Machine Learning training with large Xarray Datasets

Hi all,

I’d like to share a common workflow I face in Land Cover mapping tasks and hear your thoughts on how best to handle part of it with Xarray/Dask.

The general idea is to use a global land cover product as ground truth for a reference year (e.g., ESA WorldCover 2021), and then train a machine learning model to predict land cover in other years based on Earth Observation data.

My setup typically looks like this:

  • I have a huge, lazy xarray.Dataset of EO features — for example, yearly aggregations (e.g., median, percentiles) of Sentinel-2 L2A bands over a large region.
  • I also have a lazy xarray.DataArray of labels covering the same region. These labels are derived from the land cover product (after some cleaning), and are not very sparse.
  • I want to train an in-memory ML model like Random Forest, XGBoost, or LightGBM — which work well for this kind of task.

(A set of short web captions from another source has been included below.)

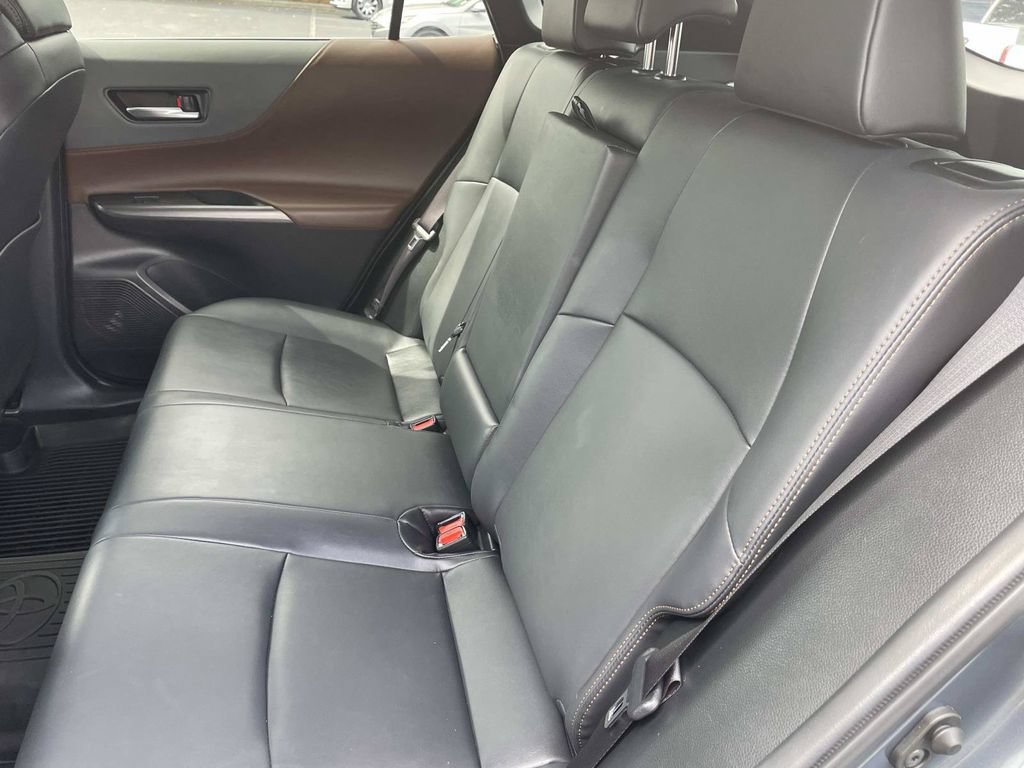 Used 2024 Toyota Venza XLE AWD/4WD image 17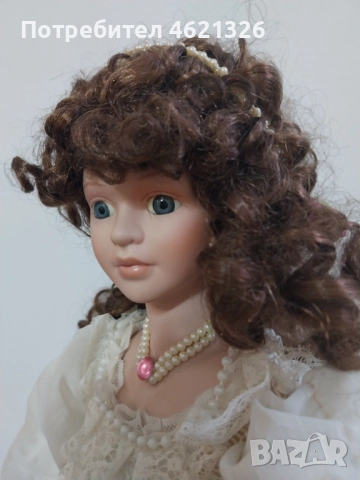 Винтидж колекционерска порцеланова кукла принцеса висока с кралска рокля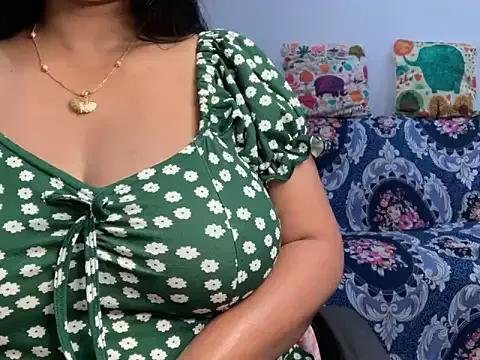 Aishwarya_05 from StripChat is Freechat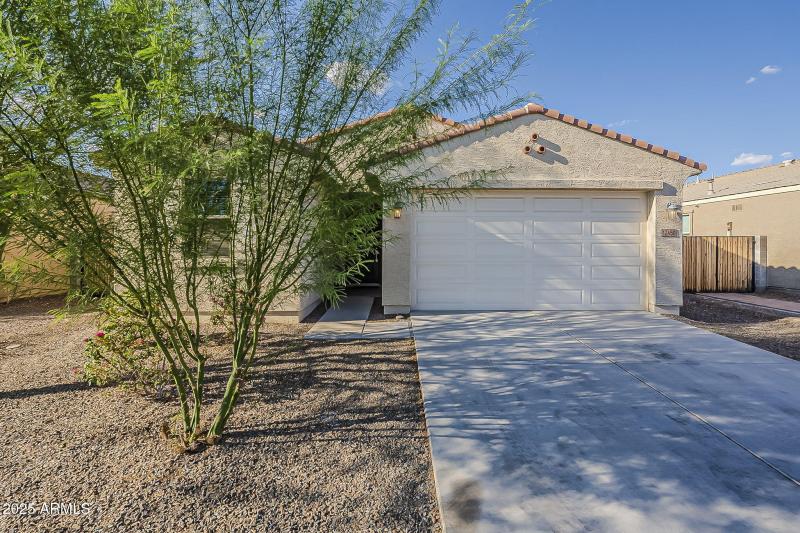 1-web-or-mls-Orangewood-1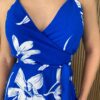 fernandaramosstore com br vestido midi transpassado azul estampa em branco 1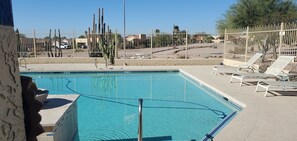 Piscine extérieure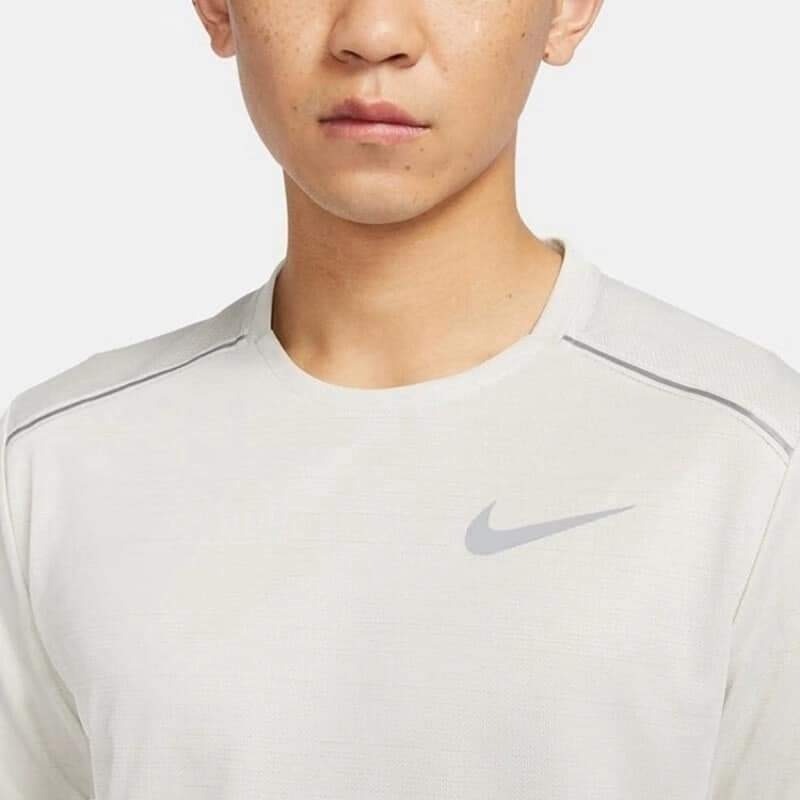 男子 NIKE AS M MILER TOP 灰色 快速排汗 慢跑 短T-細節圖3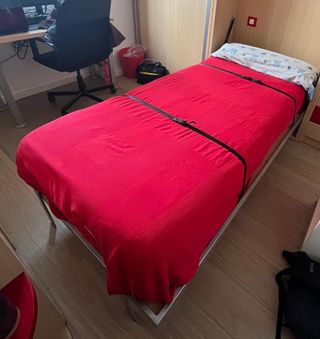 Módulo con cama abatible.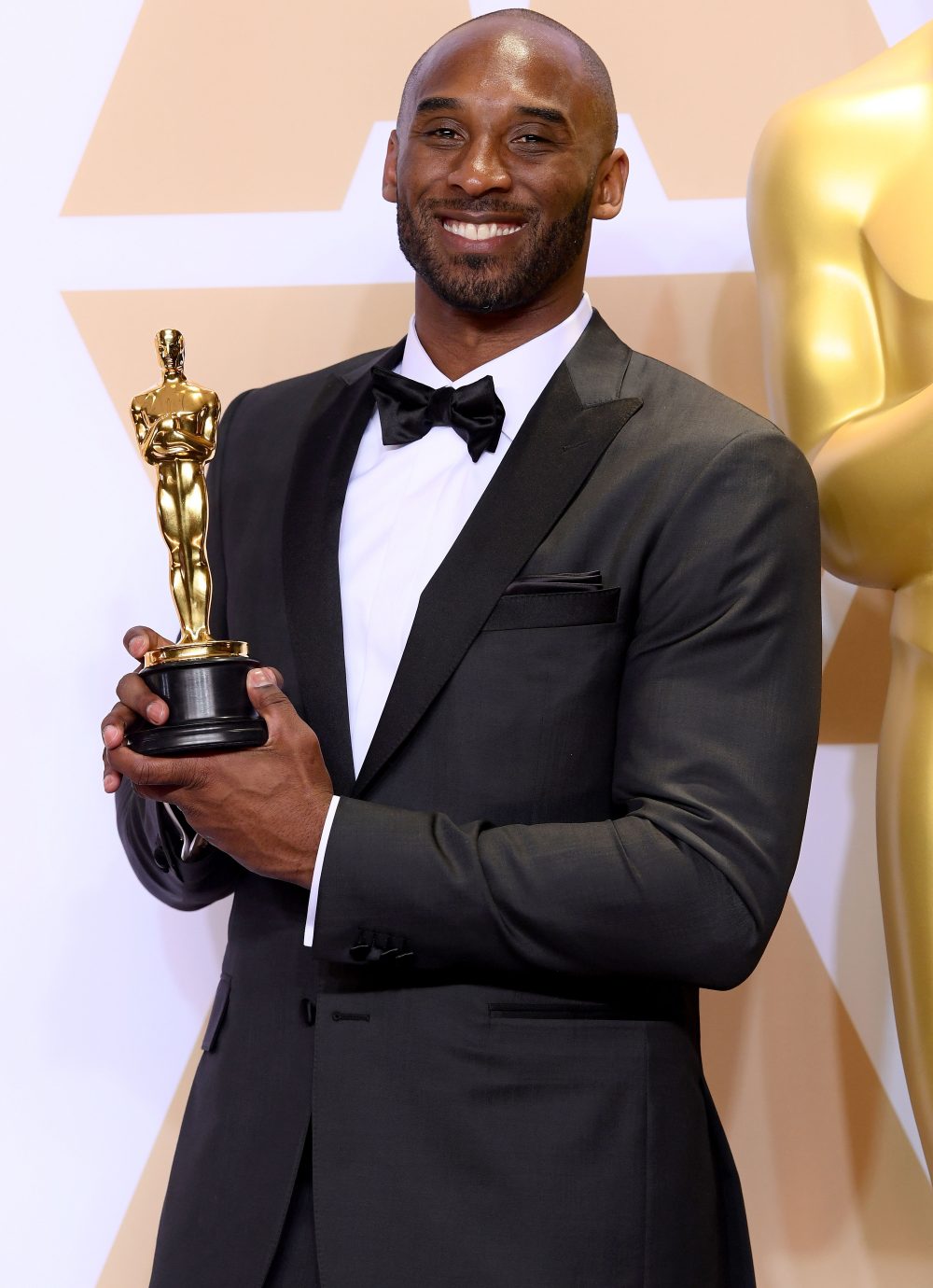 Fans All Over The World Are Sharing Kobe Bryant's Moving Oscar-Winning  Animation 'Dear Basketball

The challenge is that I obviously can’t use all the available labeled pixels due to memory constraints. So I’m looking to:

  • Perform random stratified subsampling of the labeled pixels — ideally distributed/lazy until the actual sampling step.
  • Then, compute and bring the sampled data in memory for training the model.

Has anyone tackled something similar? Do you have suggestions on:

  • Efficiently implementing stratified sampling across Dask-backed Xarray objects?
  • Any tools or best practices you recommend for subsampling while retaining class balance?
  • Potential gotchas in performing this kind of reduction operation before loading to memory?

Thanks in advance for any insights!